O Código de Processo Civil de 2015 é um ícone da transformação do sistema jurídico brasileiro, mormente no que concerne ao papel central que os precedentes passam a assumir no cotidiano dos operadores do direito. A elaboração do novo diploma legal se baseou na ideia, capitaneada por Richard Posner, da jurisprudência como um estoque de capital – é dizer, um conhecimento acumulado de tarefas passadas, que incrementa a produtividade do Judiciário, facilitando a tomada de futuras decisões, e produz utilidade a potenciais litigantes, em formato de informações sobre suas obrigações jurídicas. Um ordenamento que preza pela observância dos precedentes potencializa a segurança jurídica – essencial à atuação dos agentes econômicos –, mitiga as chances de erros judiciários e reduz o número de litígios, estimulando o engajamento em atividades produtivas à luz da confiança na escorreita aplicação do direito.
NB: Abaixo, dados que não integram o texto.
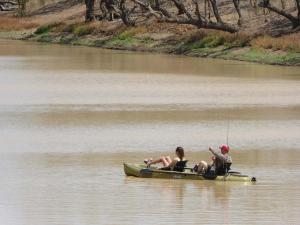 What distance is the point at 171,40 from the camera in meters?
65.8

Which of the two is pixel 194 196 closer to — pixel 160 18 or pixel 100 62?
pixel 100 62

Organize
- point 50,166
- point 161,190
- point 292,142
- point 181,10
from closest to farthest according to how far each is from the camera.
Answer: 1. point 161,190
2. point 50,166
3. point 292,142
4. point 181,10

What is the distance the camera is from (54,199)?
66.6ft

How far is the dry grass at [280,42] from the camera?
54.8m

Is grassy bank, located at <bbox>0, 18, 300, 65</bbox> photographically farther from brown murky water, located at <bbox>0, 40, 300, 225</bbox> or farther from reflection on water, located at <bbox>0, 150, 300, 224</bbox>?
reflection on water, located at <bbox>0, 150, 300, 224</bbox>

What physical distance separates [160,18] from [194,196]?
42097 mm

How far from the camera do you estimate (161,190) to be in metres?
21.7

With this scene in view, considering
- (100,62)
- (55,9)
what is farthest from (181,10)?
(55,9)

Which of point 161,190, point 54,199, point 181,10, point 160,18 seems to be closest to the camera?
point 54,199

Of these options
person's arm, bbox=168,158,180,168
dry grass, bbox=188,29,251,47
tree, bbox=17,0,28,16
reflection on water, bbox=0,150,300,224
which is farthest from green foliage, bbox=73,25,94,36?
person's arm, bbox=168,158,180,168

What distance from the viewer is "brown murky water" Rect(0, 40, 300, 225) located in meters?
19.6

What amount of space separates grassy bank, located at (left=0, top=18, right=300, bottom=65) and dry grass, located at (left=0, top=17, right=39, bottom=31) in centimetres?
11

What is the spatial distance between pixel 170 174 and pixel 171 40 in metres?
43.5

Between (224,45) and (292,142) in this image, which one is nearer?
(292,142) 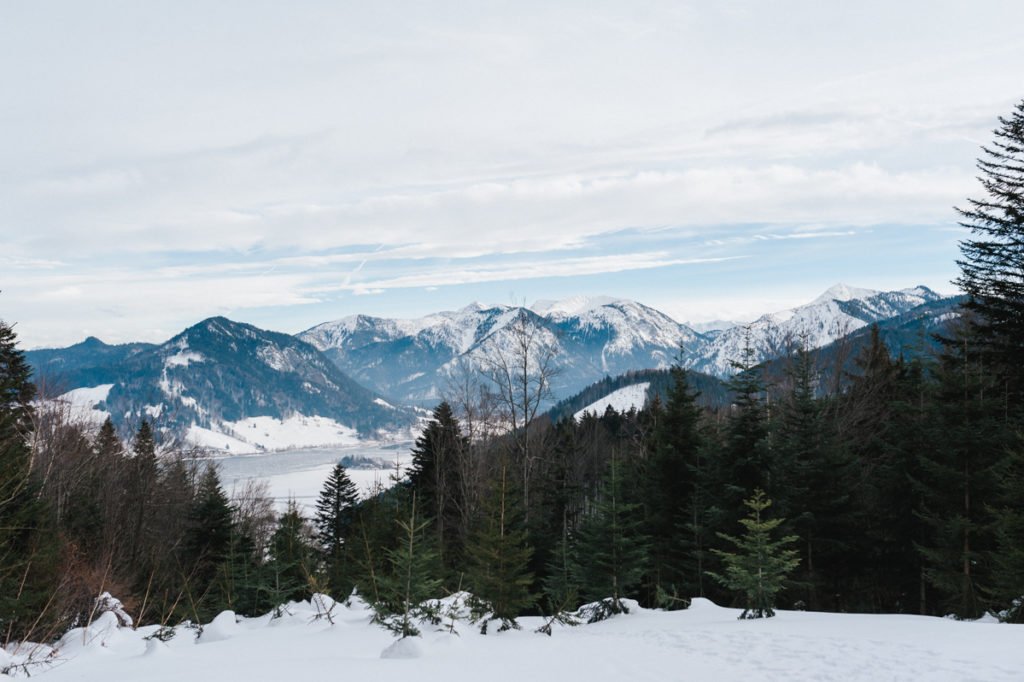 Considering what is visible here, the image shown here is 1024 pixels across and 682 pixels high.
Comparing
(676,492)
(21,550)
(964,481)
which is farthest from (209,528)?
(964,481)

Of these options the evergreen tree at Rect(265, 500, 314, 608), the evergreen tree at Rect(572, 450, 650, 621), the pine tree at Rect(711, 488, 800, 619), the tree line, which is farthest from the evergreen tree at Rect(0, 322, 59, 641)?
the pine tree at Rect(711, 488, 800, 619)

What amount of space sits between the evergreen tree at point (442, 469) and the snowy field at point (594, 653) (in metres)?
22.0

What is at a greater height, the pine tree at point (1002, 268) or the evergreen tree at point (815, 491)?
the pine tree at point (1002, 268)

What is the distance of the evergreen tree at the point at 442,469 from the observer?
37438mm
A presente obra, cunhada pela pena segura de Fabíola Utzig Haselof, atinge com sucesso o propósito de elucidar, ordenar e nos prover de profunda compreensão sobre os desafios apresentados pela combinação dos sistemas jurídicos romano-germânico e anglo-saxão, explorando valiosos exemplos de Direito Comparado e lançando luzes sobre o caso brasileiro no contexto das chamadas “jurisdições mistas”.
Aquele que degusta as lições expostas com suavidade pela autora pode não atentar para a complexidade da empreitada por ela assumida. Um dos maiores estudiosos do tema, Mirjan Damaska, ao identificar as mutações e mútuas influências entre os ordenamentos, sugeriu o abandono da separação entre os sistemas adversarial e inquisitorial, decorrentes da dicotomia common law e civil law, adotando classificação de dois formatos ideais de processo, quais sejam, o de solução de conflitos (conflict-solving type of proceeding) e o de implementação de políticas públicas (policy-implementing type of proceeding). Não é sequer necessário o aprofundamento das ideias do Professor da Universidade de Yale para perceber a árdua missão do acadêmico que se propõe a estudar o fenômeno da interação entre os dois principais sistemas jurídicos conhecidos.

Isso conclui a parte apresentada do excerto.